UEFA Slaps Fine On Russian Football For Fan Violence At Euro 2012
UEFA fined the Russian football association $150,000 because its fans "attacked stadium stewards" at a Euro 2012 match, according to the AP. Russia "could be deducted six points" in its Euro 2016 qualifying group for a repeat offense. UEFA rules "hold football associations responsible" for their fans' behavior inside stadiums. UEFA said in a statement, "'This decision is suspended for a probationary period running from now until the end of the playoffs of the next UEFA European Football Championship." Russia "can appeal the verdict within three days" (AP, 6/13). BLOOMBERG's Tariq Panja reported that the Russian federation "was facing the penalties because supporters set off fireworks and displayed illicit banners” during the team’s opening game June 8 with the Czech Republic (BLOOMBERG, 6/13). The London TELEGRAPH reported that Poland Sports Minister Joanna Mucha revealed her "shame" at local fans who "attempted to disrupt the European Championship by attacking rival Russia supporters." Warsaw police have made more than 183 arrests "relating to clashes between Poland and Russia fans" and "expect to add to that number" as investigations continue (TELEGRAPH, 6/13). The London TELEGRAPH also reported that "it was unclear whether either team will face any sanctions." UEFA condemned the violence in a statement, but but was otherwise "unavailable for comment" Wednesday (TELEGRAPH, 6/13). The London GUARDIAN's Paul Wilson opined on The Sport Blog that "you cannot have a match involving Russia in Poland, especially on a Russian bank holiday for Russian Day, without expecting a certain amount of friction." It was always a "mad idea to allow a Russian march from Warsaw central station to the stadium two miles away" (GUARDIAN, 6/13).
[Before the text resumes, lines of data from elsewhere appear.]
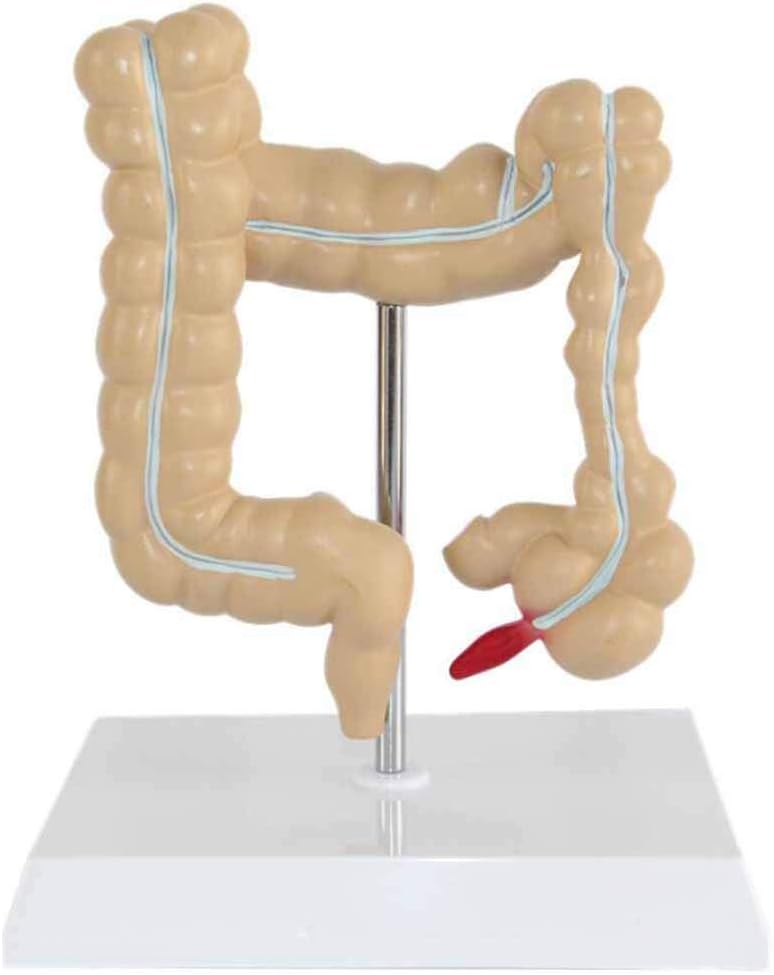 Modelo Anatómico de Colon con Patologías Comunes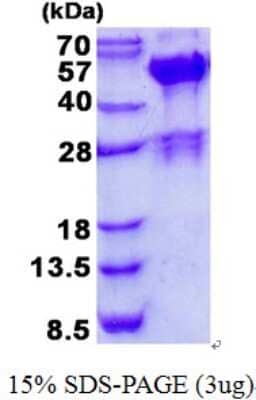 SDS-PAGE: Recombinant Human SH3GLB2 His Protein [NBP2-23468]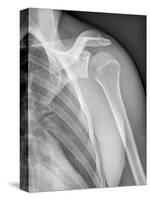 Normal Shoulder, X-ray-ZEPHYR-Stretched Canvas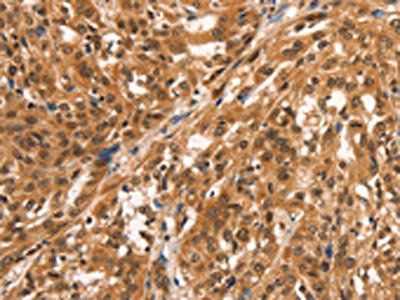 CCNE2 Antibody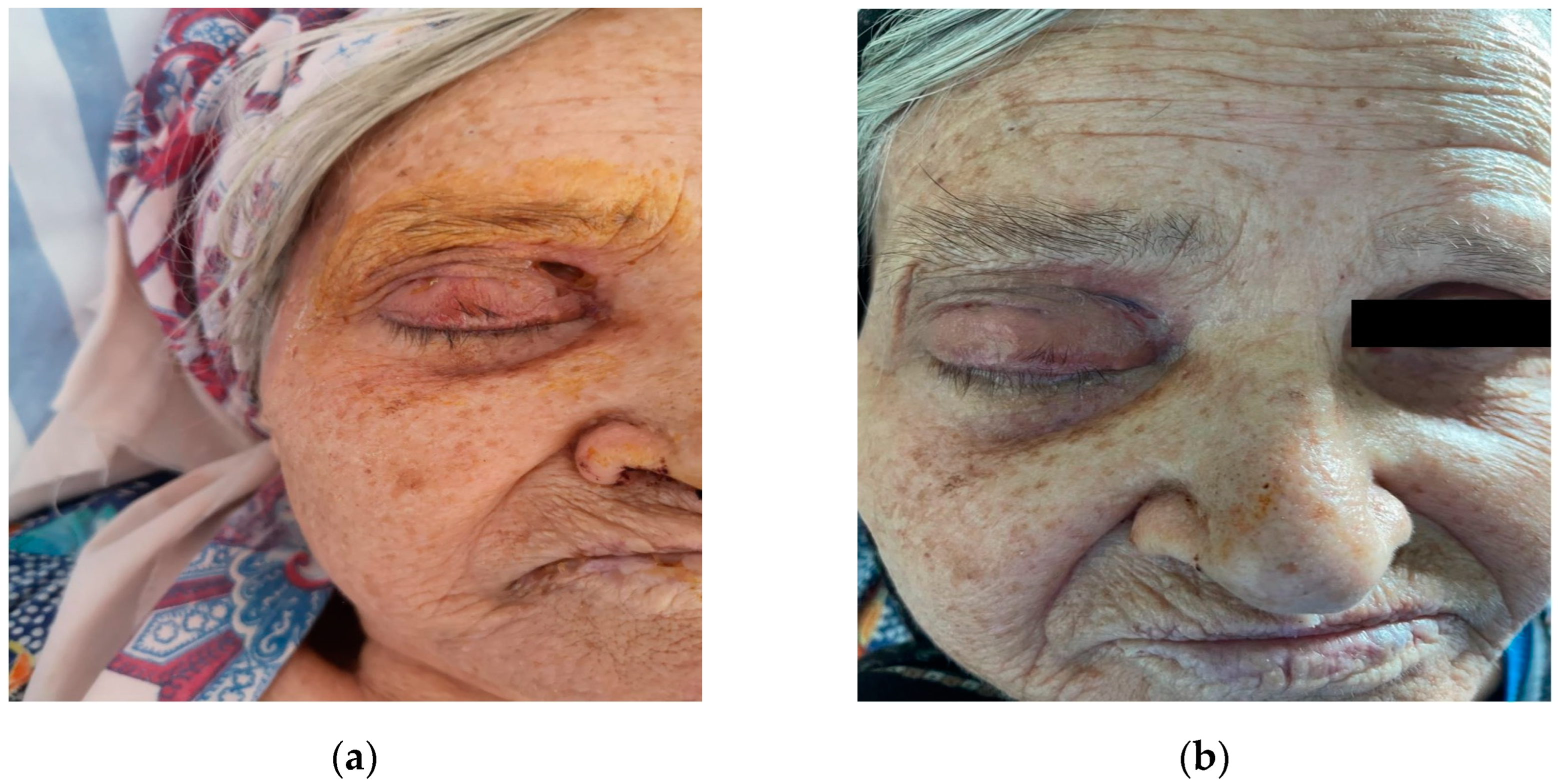 Diagnostics 14 01391 g008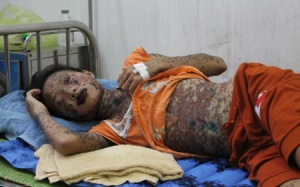 Cứu sống bệnh nhi bị bỏng do dị ứng thuốc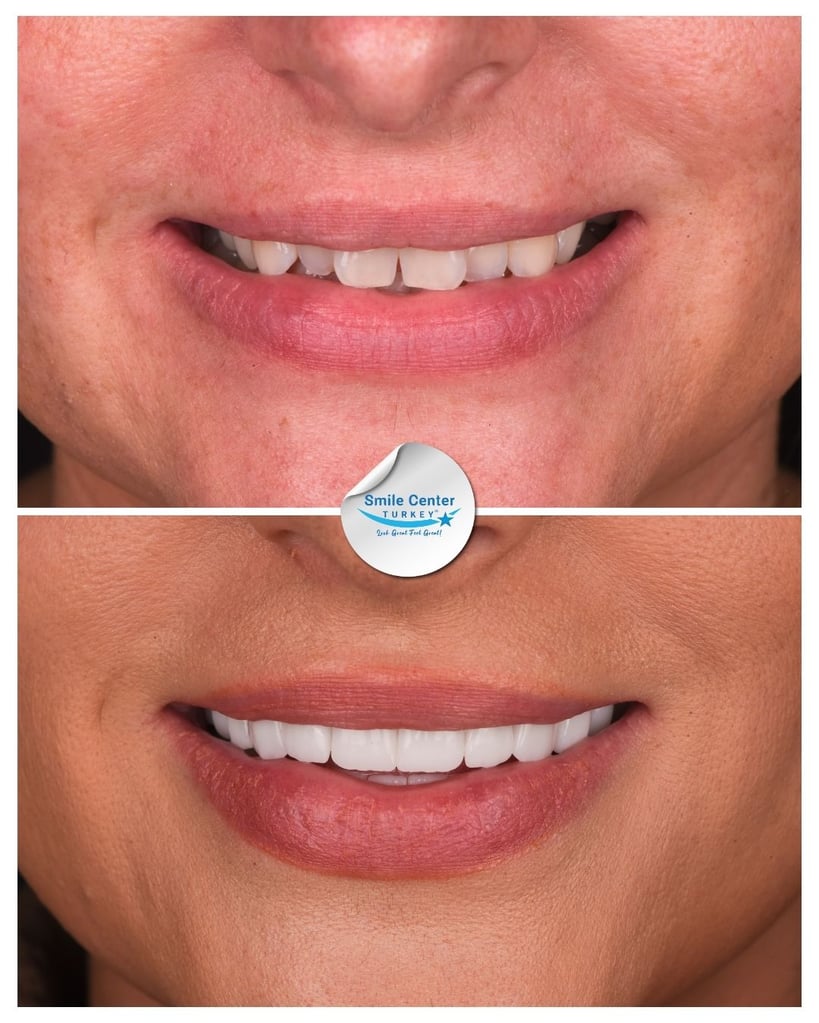 Lauren P. - Centro del sorriso Turchia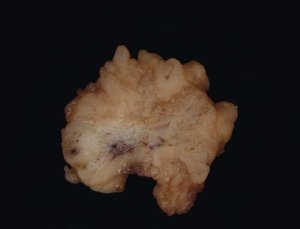 macroscopy-of-a-mandarin-sized-adenocarcinoma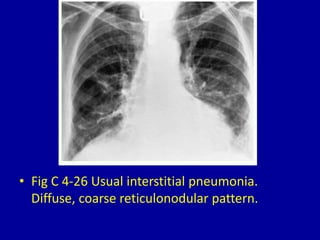 4 diffuse reticular or reticulonodular pattern | PPTX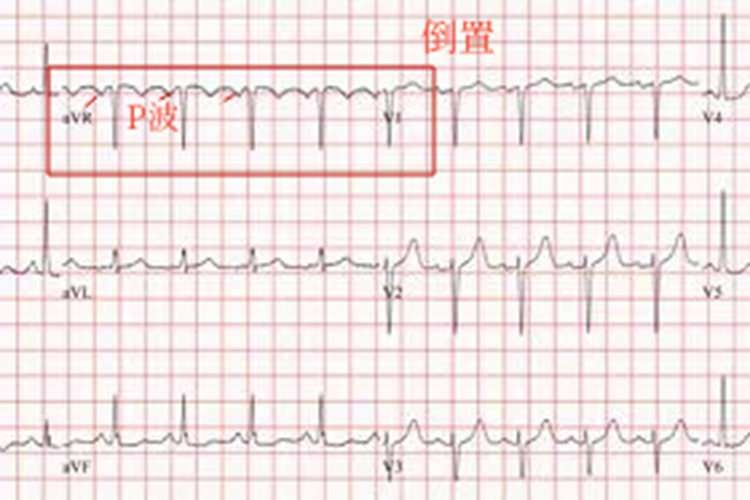 窦性心动过速心电图 窦性心动过速心电图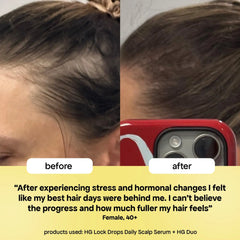 LOCK-IN THICKER HAIR: 6-MONTH SUPPLY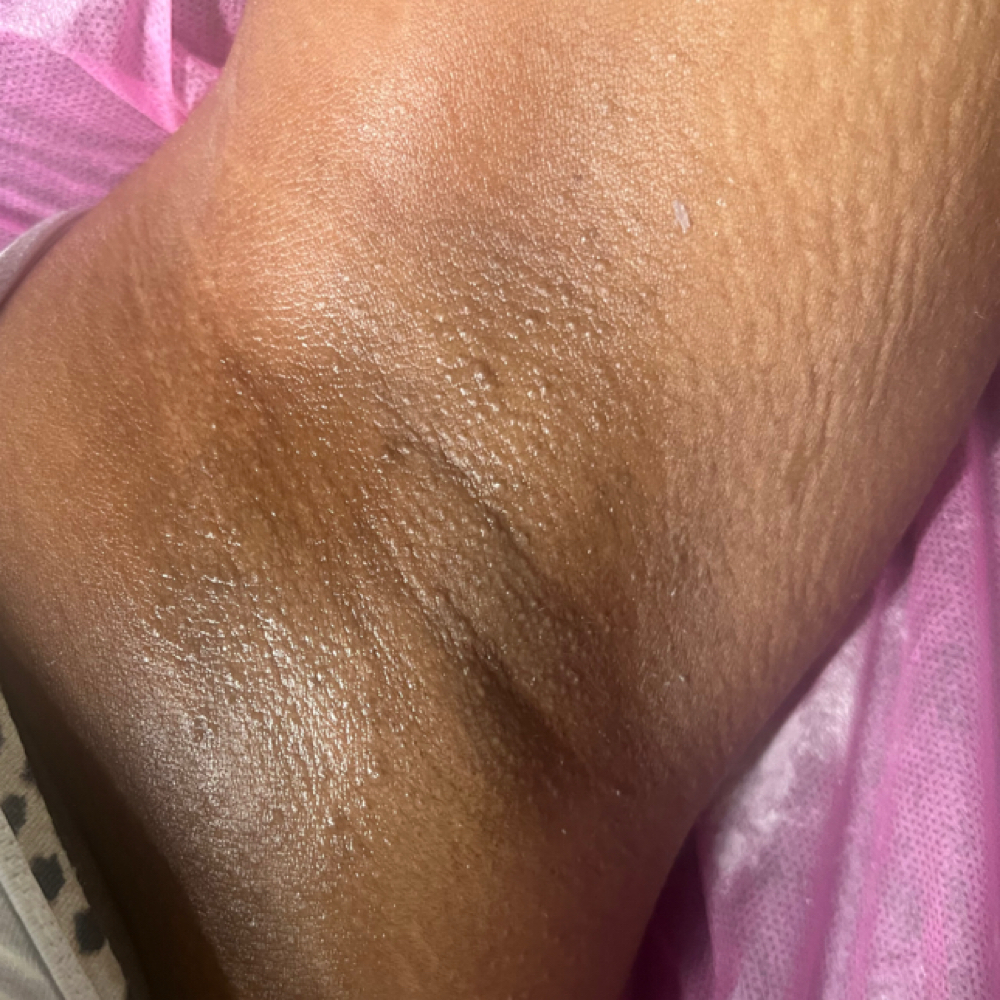 Underarm at Pretty Waxed Skin in Olive Branch, MS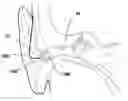 Fig. 01 - Ear mold for auditory device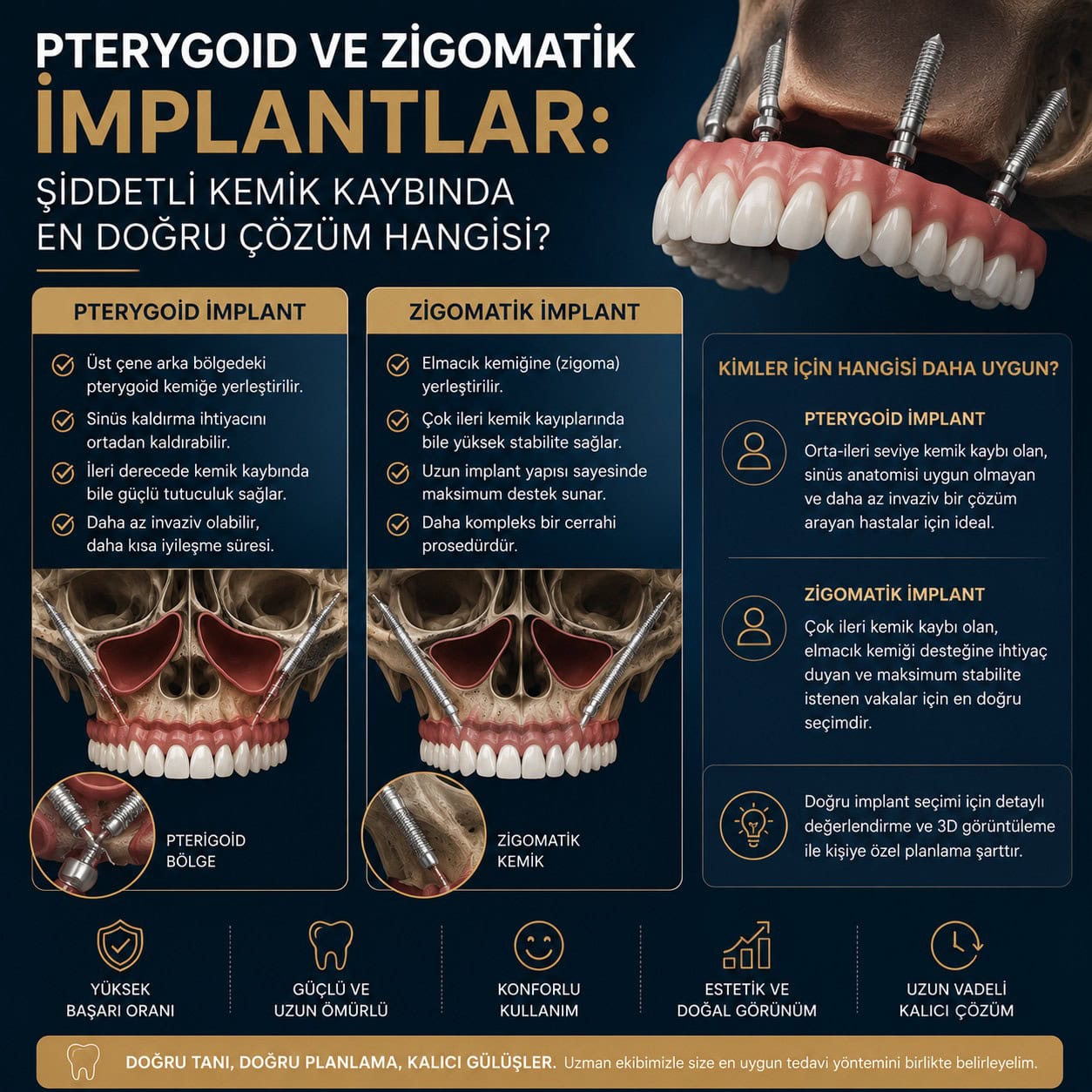Pterygoid ve Zigomatik İmplantlar: Şiddetli Kemik Kaybında En Doğru Çözüm Hangisi?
PITCH PROBLEM: In London, the GUARDIAN's Sid Lowe reported that Spain's players and coaching staff "criticised the fact that the pitch was dry and the grass long" during the Italy game, "slowing the surface and making it harder to pass the ball." The Spanish federation "complained to UEFA." Italian Federation VP Demetrio Albertini admitted that he "had refused a request to have the pitch watered" just before kick‑off, which is "in line with UEFA rules." Spain goalkeeper Pepe Reina said, "They've got to do something about the state of the pitch if they want the quality of the game to be better. For the sake of the game, I hope it is better" (GUARDIAN, 6/12).
THAILAND TURN DOWN: In Thailand, UEFA has "turned down" media conglomerate GMM Grammy's request to allow pay-television provider TrueVisions to gain access to the signal of Euro 2012 matches. UEFA Media Rights Manager Ian Wilson explained in a letter to GMM Grammy that the sub-licensing request "had come too late" because the tournament had already started. The letter read, "TrueVisions cannot transmit any Euro 2012 programmes because it is not owned by or affiliated with Grammy" (BANGKOCK POST, 6/13).